Day after regrets are now becoming fair game for rape accusations. Men have sex pushed on us when we are inebriated. Women have sex pushed on them when they are inebriated. Indeed, many women feel that they need to have a few drinks to be able to relax and enjoy sex with a new partner. Sex is complex. Sexually active men and women both have intimate experiences which they regret and wish never happened. It's part of life. There is a difference between a bad sexual experience and a violent rape. These new campus rules seem to be deliberately designed to eliminate that distinction. I'm not sure that with all the good intentions in the world we can bar people from bad sexual experiences without eliminating sexuality altogether.
Of course, the social consensus has to be negotiated where the dividing line is between a bad experience and rape. If not, the etiquette of sexuality needs to change radically.
If for instance a couple of drinks renders a man or woman incapable of assent, I'd suggest it's time to close the bars on campus and to start selling alcohol field tests which include DNA sampling and a consent document.
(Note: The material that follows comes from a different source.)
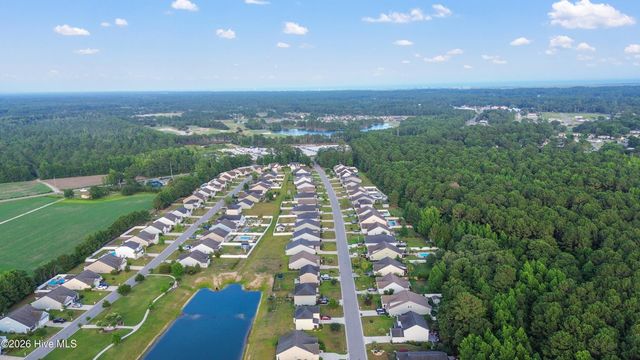 35 Lighthouse Cove Loop, Calabash, NC 28467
The consent document would have to be signed and witnessed and delivered to a university commission a day before the act of coitus. The alcohol field test with DNA sampling would have to be administered within an hour before the actual act.
This is very technically complicated. As a lower tech solution we could enforce a mixed audience of peers, 3 men and 3 women minimum, at least two of whom are chosen by each sexual party, to any spontaneous act of coitus on campus. That way the university commission would be assured of competent witnesses. Alcohol would still have to be banned otherwise the participants may not really mean the assent they offer and the witnesses testimony would no longer be reliable. Witnesses of course could intervene immediately in the case of perceived absence of consent - special training should be made available to those who wish it.
Solutions like those above would put an end to the gray zone of sexuality. In the absence of that kind of clarity, rape remains a very serious crime and the threshold for conviction as for all crimes should remain sufficiently high that a simple accusation does not become an automatic conviction. Teaching incoming freshmen and freshwomen some guidelines about safe behavior would save everyone considerable grief. Getting smashed on tequila then heading over to the football team's dorms (where they've probably been partying with their own clouded judgment) was always a bad idea. I'd argue the football team should learn that allowing in such visitors might not be a good idea. Yet indiscriminately destroying young men's lives on hearsay or making them blindly fear intimacy doesn't seem a real solution to the complexity of human sexuality.
We go to a lot of trouble to teach young people to drive safely. The roads are dangerous. We should probably spend an equal amount of effort in teaching them how to navigate their own sexuality and sexual situations safely.